>>>>

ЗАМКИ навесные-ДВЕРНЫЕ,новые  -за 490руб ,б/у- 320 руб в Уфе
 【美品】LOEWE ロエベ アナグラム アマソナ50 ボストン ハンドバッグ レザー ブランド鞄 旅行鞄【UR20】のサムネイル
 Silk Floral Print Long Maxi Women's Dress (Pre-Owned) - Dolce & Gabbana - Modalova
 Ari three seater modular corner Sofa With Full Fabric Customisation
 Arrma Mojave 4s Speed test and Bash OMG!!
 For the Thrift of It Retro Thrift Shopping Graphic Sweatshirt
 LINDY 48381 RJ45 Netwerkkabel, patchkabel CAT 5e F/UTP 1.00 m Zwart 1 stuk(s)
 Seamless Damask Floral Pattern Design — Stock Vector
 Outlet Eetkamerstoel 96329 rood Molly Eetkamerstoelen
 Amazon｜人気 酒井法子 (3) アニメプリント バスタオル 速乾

<<<<

TASK TO COMPLETE:
The full set of entries should be copied out exactly as given.

RESPONSE:
ЗАМКИ навесные-ДВЕРНЫЕ,новые  -за 490руб ,б/у- 320 руб в Уфе
 【美品】LOEWE ロエベ アナグラム アマソナ50 ボストン ハンドバッグ レザー ブランド鞄 旅行鞄【UR20】のサムネイル
 Silk Floral Print Long Maxi Women's Dress (Pre-Owned) - Dolce & Gabbana - Modalova
 Ari three seater modular corner Sofa With Full Fabric Customisation
 Arrma Mojave 4s Speed test and Bash OMG!!
 For the Thrift of It Retro Thrift Shopping Graphic Sweatshirt
 LINDY 48381 RJ45 Netwerkkabel, patchkabel CAT 5e F/UTP 1.00 m Zwart 1 stuk(s)
 Seamless Damask Floral Pattern Design — Stock Vector
 Outlet Eetkamerstoel 96329 rood Molly Eetkamerstoelen
 Amazon｜人気 酒井法子 (3) アニメプリント バスタオル 速乾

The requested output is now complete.